Engineering a greener future for distilled spirits

Under construction – a pre-visualisation of Ardgowan’s ‘carbon negative’ distillery near Inverkip

HELPING the spirits industry meet its decarbonisation targets is a specialist business – as no two distilleries are the same, green solutions have to be tailor made to suit each operation.

But with a portfolio of clients that already includes Diageo, Pernod Ricard, Beam Suntory, Brown-Forman and William Grant & Sons, engineering firm Briggs of Burton can justifiably claim to be at the cutting-edge of creating sustainable technology for alcohol production.

The company, which has offices in Forres and Burton upon Trent, was in the spotlight at this week’s Worldwide Distilled Spirits Conference in Edinburgh, with a keynote speech outlining the latest systems which can capture and re-use the vapour from whisky stills, reduce liquid effluent and use sources of local renewable green energy to provide electricity.

Done properly, Briggs of Burton reckons that distilleries can cut their stillhouse energy usage by up to 80%.

Head of marketing, Scott Davies, said: “Distilleries face numerous challenges when it comes to meeting their sustainability targets. Firstly, no two distilleries are the same, which means that each one comes with a unique set of requirements. However, it’s more important than ever for whisky and distilleries to go green.
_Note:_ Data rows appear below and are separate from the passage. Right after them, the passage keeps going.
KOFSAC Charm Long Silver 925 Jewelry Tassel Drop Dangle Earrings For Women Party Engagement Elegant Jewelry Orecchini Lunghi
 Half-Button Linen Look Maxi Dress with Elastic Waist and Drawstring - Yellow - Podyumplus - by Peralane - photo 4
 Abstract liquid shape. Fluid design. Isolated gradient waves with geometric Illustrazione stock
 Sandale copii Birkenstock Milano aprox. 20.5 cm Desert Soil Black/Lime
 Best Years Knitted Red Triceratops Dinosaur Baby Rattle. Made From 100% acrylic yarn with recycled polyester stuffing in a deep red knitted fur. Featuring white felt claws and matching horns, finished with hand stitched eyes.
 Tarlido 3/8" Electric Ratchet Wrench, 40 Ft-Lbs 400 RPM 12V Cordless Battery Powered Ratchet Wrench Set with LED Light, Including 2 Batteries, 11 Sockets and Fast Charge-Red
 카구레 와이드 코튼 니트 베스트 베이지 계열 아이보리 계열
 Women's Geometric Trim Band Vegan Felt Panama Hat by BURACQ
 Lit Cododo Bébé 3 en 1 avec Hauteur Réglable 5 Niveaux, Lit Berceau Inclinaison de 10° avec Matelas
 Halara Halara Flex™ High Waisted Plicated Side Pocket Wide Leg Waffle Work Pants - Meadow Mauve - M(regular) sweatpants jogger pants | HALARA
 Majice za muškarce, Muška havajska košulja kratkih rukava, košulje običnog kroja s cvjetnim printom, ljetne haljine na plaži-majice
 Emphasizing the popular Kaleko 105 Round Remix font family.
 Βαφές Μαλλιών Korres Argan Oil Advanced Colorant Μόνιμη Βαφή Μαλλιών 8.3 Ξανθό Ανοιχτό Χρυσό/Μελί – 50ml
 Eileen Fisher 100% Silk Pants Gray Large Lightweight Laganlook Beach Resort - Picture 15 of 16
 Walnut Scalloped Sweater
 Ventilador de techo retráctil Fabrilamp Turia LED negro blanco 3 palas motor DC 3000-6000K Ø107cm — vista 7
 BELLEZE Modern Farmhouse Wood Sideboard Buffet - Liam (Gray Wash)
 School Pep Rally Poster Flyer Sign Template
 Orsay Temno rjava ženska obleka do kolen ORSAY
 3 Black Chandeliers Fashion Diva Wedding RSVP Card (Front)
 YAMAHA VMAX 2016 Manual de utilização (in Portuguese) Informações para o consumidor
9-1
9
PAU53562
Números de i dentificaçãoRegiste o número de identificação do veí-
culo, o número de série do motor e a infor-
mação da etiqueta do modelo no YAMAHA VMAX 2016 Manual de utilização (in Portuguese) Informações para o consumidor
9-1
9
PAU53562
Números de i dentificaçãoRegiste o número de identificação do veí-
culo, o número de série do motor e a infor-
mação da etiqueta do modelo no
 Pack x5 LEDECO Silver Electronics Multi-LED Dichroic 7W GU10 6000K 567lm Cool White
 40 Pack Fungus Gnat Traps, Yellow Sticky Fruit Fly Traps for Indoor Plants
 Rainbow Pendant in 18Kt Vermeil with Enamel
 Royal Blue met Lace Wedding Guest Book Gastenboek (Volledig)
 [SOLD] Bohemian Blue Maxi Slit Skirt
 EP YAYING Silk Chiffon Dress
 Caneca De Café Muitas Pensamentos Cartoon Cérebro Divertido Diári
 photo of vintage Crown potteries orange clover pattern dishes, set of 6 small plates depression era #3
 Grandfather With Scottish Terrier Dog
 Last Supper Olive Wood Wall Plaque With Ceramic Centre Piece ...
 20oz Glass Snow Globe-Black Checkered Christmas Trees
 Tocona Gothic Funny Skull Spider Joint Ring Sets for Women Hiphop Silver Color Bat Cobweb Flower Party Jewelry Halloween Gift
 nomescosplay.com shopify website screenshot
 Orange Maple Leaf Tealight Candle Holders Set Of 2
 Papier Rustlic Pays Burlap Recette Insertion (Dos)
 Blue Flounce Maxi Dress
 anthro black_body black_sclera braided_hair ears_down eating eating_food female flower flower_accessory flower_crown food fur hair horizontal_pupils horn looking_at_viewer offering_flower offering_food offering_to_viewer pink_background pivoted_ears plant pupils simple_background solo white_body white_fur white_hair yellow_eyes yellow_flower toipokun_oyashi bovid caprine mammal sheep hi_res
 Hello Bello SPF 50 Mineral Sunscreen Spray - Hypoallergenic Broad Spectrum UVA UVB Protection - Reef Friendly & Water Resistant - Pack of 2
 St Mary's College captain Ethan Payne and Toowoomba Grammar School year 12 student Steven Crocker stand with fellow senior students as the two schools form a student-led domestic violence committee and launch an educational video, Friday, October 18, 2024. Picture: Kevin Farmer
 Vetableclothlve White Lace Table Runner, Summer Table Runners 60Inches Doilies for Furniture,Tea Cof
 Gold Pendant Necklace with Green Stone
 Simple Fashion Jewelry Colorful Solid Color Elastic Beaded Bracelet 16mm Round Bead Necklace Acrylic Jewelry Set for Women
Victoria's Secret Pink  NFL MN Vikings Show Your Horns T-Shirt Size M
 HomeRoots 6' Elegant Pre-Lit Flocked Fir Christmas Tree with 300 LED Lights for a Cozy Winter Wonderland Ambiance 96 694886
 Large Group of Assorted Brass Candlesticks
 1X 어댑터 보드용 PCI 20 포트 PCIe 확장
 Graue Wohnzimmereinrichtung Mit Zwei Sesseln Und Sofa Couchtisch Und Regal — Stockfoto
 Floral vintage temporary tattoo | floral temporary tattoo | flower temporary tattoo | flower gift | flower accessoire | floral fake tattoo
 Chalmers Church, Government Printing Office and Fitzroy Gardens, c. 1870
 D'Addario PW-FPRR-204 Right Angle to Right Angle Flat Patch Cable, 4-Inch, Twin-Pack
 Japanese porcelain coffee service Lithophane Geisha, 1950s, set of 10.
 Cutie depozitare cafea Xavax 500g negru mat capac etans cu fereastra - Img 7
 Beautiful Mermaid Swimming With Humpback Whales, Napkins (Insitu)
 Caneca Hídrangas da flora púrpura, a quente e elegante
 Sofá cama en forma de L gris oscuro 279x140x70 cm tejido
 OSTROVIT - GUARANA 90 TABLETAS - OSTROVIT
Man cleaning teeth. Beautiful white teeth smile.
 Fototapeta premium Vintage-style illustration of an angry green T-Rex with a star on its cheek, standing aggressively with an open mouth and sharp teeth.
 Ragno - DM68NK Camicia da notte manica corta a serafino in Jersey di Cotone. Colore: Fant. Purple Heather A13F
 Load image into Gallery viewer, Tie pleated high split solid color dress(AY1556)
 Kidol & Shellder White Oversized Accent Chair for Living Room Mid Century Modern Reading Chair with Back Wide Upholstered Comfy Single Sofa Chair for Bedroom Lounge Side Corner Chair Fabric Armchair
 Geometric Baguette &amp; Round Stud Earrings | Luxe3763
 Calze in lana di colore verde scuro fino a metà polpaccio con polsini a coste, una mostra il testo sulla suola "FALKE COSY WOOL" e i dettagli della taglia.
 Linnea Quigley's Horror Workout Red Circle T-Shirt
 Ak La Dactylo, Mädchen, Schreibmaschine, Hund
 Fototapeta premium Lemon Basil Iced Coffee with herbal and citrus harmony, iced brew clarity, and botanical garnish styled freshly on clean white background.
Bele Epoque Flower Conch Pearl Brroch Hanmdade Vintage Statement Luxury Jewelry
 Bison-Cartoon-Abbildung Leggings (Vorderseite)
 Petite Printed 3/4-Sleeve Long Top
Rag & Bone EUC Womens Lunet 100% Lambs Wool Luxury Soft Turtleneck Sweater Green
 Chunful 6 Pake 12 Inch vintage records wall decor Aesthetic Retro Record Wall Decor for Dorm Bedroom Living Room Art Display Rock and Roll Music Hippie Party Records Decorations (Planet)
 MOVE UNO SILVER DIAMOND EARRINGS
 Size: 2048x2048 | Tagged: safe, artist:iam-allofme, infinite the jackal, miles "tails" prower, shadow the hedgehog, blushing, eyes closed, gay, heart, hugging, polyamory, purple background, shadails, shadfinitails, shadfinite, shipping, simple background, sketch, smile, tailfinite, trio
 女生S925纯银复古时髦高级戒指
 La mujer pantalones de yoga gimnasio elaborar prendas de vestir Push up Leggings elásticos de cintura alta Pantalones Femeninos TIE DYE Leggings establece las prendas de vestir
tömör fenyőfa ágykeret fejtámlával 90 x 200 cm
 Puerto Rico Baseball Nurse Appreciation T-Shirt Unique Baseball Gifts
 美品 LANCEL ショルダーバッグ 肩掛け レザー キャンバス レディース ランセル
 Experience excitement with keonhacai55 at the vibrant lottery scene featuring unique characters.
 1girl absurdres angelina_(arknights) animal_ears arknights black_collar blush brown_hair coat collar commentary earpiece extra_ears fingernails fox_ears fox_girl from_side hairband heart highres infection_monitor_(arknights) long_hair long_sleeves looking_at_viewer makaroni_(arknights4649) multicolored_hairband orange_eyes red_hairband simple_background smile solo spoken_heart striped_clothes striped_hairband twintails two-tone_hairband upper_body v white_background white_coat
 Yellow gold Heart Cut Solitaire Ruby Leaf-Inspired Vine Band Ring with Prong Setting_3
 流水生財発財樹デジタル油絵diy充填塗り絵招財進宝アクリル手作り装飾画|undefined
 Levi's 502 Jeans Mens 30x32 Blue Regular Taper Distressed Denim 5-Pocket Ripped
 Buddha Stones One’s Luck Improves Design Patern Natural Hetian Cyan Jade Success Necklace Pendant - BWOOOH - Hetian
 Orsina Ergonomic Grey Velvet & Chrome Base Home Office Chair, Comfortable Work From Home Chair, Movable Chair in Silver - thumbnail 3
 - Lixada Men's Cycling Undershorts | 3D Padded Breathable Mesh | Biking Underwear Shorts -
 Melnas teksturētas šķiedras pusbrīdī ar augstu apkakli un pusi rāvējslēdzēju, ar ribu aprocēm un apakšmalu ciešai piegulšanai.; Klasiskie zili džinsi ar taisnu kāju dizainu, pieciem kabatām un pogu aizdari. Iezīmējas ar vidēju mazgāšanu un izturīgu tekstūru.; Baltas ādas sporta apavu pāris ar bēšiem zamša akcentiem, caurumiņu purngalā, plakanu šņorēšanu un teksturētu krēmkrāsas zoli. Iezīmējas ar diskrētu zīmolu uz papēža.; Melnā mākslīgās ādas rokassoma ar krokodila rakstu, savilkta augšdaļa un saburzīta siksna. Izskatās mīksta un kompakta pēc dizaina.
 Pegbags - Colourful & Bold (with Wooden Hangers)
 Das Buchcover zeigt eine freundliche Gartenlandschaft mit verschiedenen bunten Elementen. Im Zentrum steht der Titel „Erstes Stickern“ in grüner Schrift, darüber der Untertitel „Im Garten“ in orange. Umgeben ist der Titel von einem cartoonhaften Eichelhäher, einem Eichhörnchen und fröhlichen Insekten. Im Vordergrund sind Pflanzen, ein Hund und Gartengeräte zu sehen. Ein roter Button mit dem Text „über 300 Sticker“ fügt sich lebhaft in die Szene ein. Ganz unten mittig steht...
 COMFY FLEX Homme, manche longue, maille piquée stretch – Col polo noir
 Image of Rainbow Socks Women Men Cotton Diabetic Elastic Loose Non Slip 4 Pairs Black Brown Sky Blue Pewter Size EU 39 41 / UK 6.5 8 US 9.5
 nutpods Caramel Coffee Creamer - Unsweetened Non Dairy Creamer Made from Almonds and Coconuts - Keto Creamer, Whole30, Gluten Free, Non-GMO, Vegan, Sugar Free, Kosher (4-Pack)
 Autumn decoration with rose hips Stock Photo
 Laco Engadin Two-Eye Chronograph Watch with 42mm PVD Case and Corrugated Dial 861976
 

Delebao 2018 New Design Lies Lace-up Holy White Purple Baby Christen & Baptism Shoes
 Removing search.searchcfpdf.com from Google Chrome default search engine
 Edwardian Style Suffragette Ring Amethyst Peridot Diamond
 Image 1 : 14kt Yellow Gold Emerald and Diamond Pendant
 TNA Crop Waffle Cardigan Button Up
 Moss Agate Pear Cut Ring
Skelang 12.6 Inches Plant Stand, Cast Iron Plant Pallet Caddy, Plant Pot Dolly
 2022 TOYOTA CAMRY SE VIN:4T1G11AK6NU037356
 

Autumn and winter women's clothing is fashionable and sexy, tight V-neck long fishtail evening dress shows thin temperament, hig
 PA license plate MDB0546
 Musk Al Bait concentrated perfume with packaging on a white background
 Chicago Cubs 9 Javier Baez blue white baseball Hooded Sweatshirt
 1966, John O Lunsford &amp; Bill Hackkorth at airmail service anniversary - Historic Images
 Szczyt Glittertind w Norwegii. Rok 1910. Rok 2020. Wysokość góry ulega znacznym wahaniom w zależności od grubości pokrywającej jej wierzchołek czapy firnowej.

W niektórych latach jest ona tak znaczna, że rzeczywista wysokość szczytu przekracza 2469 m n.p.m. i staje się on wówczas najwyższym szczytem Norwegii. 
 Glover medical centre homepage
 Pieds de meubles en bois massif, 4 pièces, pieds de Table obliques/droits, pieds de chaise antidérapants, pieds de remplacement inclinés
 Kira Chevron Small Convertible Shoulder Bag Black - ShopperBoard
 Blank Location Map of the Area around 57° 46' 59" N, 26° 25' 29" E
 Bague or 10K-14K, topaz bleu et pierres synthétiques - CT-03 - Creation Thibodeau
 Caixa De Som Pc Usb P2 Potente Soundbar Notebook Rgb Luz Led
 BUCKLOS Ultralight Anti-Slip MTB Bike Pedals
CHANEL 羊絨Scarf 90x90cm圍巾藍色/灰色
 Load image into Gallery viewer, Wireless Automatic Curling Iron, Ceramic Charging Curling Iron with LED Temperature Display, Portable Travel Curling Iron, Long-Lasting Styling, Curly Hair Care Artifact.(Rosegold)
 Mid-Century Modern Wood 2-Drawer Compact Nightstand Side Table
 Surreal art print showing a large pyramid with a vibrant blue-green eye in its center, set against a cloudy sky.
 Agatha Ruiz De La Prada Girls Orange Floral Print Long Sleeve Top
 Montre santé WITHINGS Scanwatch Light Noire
“There are now lots of options for decarbonisation which can be tailored to each distillery, including the transition to electrification with electric steam generation, high voltage electrode boilers, and even thermal oil systems for a distillery to consider. These can generate very large energy savings, typically between 50-80% in the stillhouse.”

Mr Davies added: “If a distillery has equipment nearing its end of life such as a boiler or transformer, this might be an opportunity to consider other fuels such as hydrogen or electric. They can also take advantage of their location; whether they are inland or next to a large loch, there are ways to tap into these local aspects to find innovative solutions.”

Briggs of Burton recently partnered with Ardgowan Distillery to lead the design, build and engineering of its carbon negative distillery near Inverkip, which is due to open in 2024.